European Central Bank policy makers have until Wednesday to air views in public about their July 21 meeting before a pre-decision blackout kicks in. They’re preparing to start raising rates, and to unveil an accompanying crisis tool to mitigate the fallout on weaker euro members such as Italy.
ECB President Christine Lagarde will attend a meeting of euro-area finance ministers at the start of the week, though few other appearances are scheduled.
Likely to focus their minds is a temporary closure of the Nord Stream gas pipeline from Russia to take effect on Monday. German officials fear the shutdown for 10 days of routine maintenance may become permanent.

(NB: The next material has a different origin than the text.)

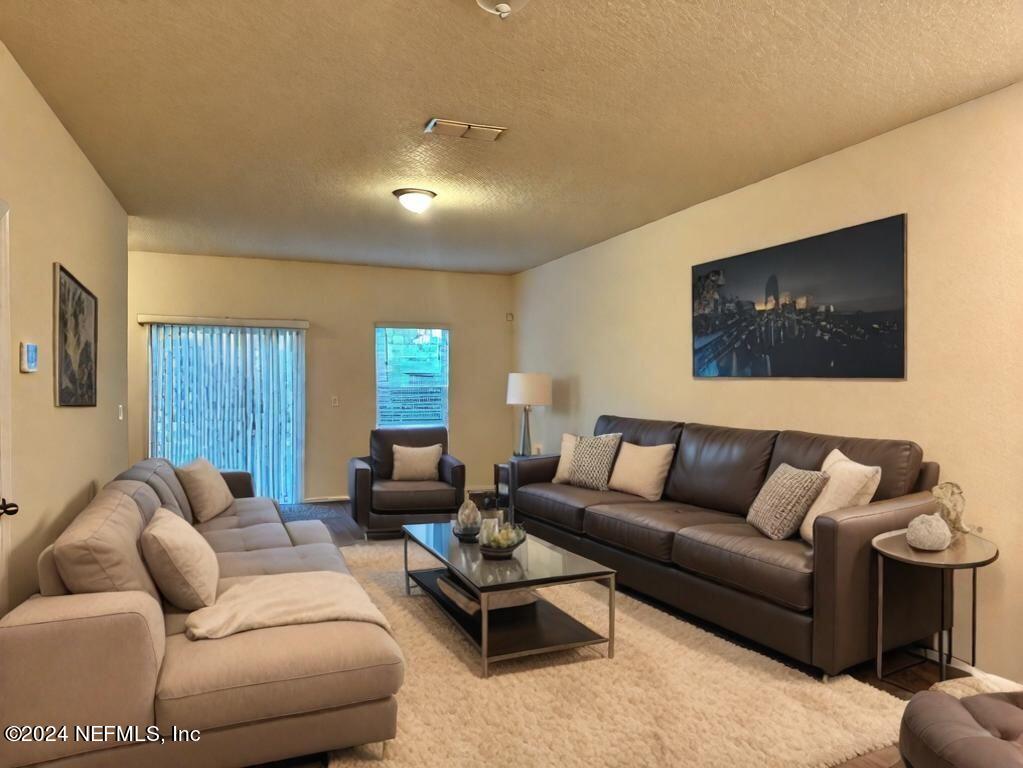 875 Capitol Parkway Jacksonville, FL 32218 - Photo 10 of 20 a living room with furniture and a flat screen tv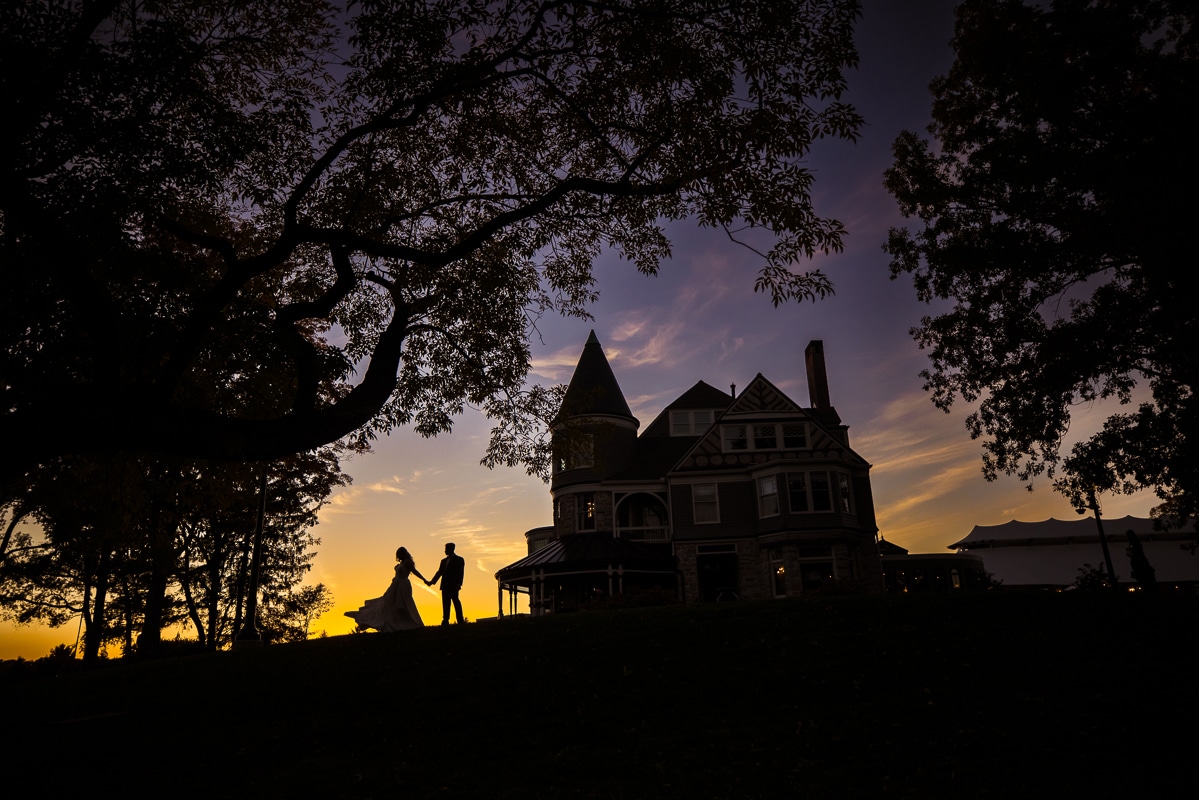 Ashcombe Mansion Wedding photographer, lisa rhinehart, captures this unique and vibrant yellow and purple sunset photo with the couple, the mansion, and the trees silhouetted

Among data due, euro-zone industrial production on Wednesday will probably signal slowing expansion as the second quarter progressed, while the state of the region’s worsening trade deficit — perhaps reflected in the euro’s drop to a two-decade low — will be revealed on Friday.
“There are stagflationary winds blowing — there’s no question about that,” ECB Governing Council member Yannis Stournaras told Bloomberg TV on Saturday, stressing that Europe isn’t seeing stagflation yet. “But for the moment we don’t expect negative growth this year or next year.”
In the UK, economists expect gross domestic product to have barely increased in May after a decline the previous month, in figures due on Wednesday.